+++ THE DATA +++

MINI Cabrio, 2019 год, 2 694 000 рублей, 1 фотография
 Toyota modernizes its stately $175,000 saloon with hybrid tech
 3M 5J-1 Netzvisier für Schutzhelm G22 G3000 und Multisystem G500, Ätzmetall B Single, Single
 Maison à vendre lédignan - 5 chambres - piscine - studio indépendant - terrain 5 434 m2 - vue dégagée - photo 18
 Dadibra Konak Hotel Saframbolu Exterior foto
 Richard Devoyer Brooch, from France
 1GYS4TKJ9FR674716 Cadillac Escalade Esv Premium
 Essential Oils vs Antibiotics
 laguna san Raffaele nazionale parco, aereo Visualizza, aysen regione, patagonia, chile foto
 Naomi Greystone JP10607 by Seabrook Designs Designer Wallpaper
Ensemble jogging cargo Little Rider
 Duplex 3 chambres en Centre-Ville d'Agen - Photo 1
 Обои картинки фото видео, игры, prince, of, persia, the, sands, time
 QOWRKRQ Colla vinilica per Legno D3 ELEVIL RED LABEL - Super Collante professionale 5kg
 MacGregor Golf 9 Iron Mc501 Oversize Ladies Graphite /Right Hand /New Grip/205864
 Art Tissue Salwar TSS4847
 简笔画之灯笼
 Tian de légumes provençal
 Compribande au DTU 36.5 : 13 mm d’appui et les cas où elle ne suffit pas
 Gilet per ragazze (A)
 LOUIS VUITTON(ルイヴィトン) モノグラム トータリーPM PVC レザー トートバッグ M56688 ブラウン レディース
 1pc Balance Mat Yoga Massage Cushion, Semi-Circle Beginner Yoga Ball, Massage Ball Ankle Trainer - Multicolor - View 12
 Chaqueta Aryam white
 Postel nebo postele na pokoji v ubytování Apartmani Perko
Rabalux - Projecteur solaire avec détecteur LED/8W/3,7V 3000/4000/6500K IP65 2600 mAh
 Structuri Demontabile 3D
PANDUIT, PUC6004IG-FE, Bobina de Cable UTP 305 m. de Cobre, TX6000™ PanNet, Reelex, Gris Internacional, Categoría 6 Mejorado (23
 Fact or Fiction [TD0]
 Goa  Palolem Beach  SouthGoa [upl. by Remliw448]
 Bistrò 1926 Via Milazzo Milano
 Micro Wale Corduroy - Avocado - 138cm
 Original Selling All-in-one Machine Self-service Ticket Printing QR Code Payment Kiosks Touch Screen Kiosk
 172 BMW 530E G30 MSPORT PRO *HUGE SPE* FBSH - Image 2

+++

→ **WHAT THE TASK REQUIRES**
Go through the records above and copy each line where "foto" is found.

→ **EXERCISE RESPONSE**
 Dadibra Konak Hotel Saframbolu Exterior foto
 laguna san Raffaele nazionale parco, aereo Visualizza, aysen regione, patagonia, chile foto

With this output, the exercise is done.